» **Problem to work on**
Produce an exact transcription of the listing below, omitting the pictures.

═══ Source data

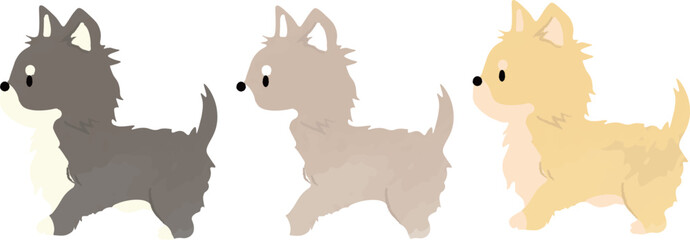 手書き風のシンプルなかわいいチワワのイラスト　横向き　主線なし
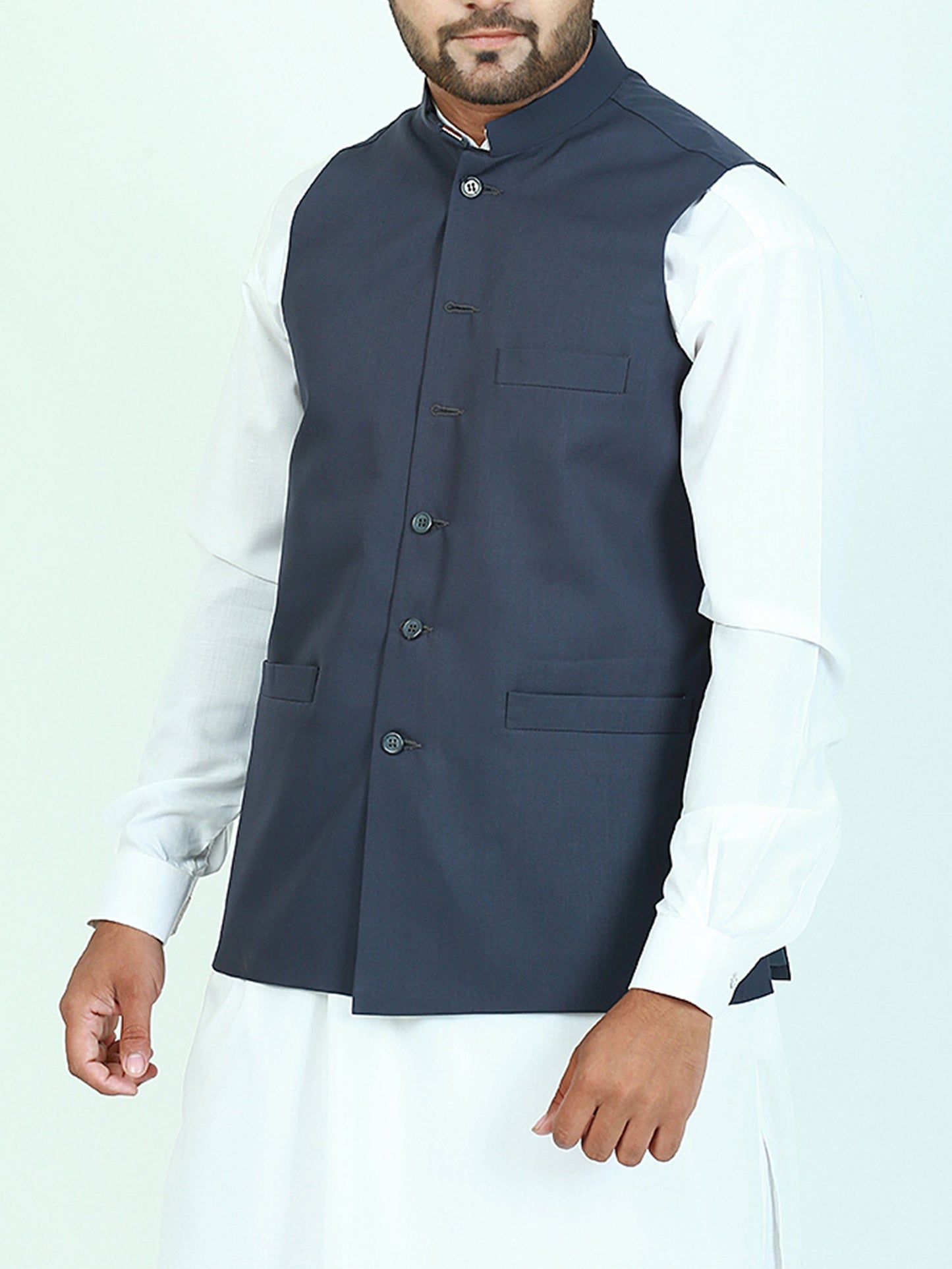 Waistcoat for Men Plain Slate Blue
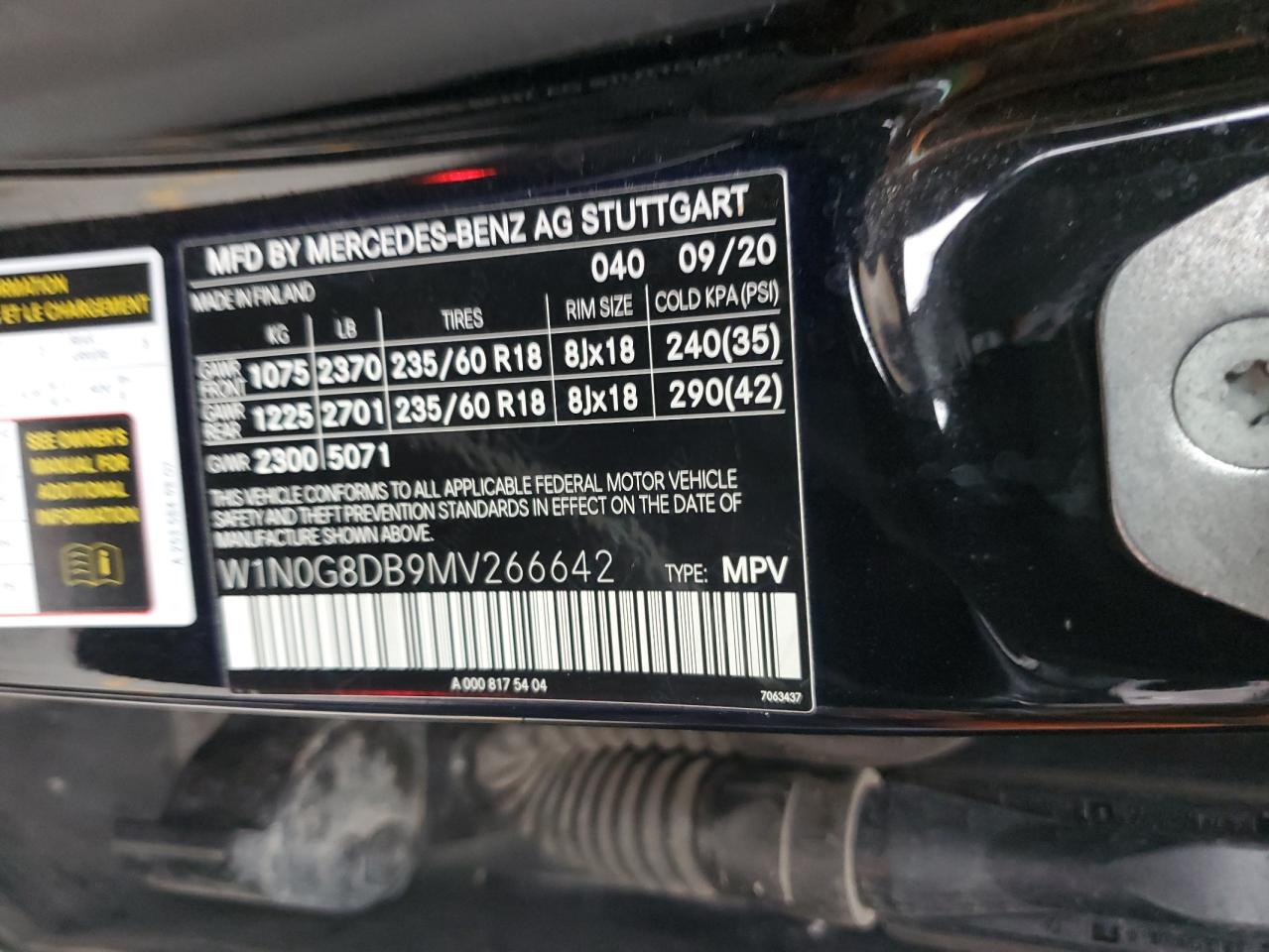 2021 Mercedes-Benz Glc 300 VIN: W1N0G8DB9MV266642 Lot: 84955105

══════

» **Solution to this task**
 手書き風のシンプルなかわいいチワワのイラスト　横向き　主線なし
 Waistcoat for Men Plain Slate Blue
 2021 Mercedes-Benz Glc 300 VIN: W1N0G8DB9MV266642 Lot: 84955105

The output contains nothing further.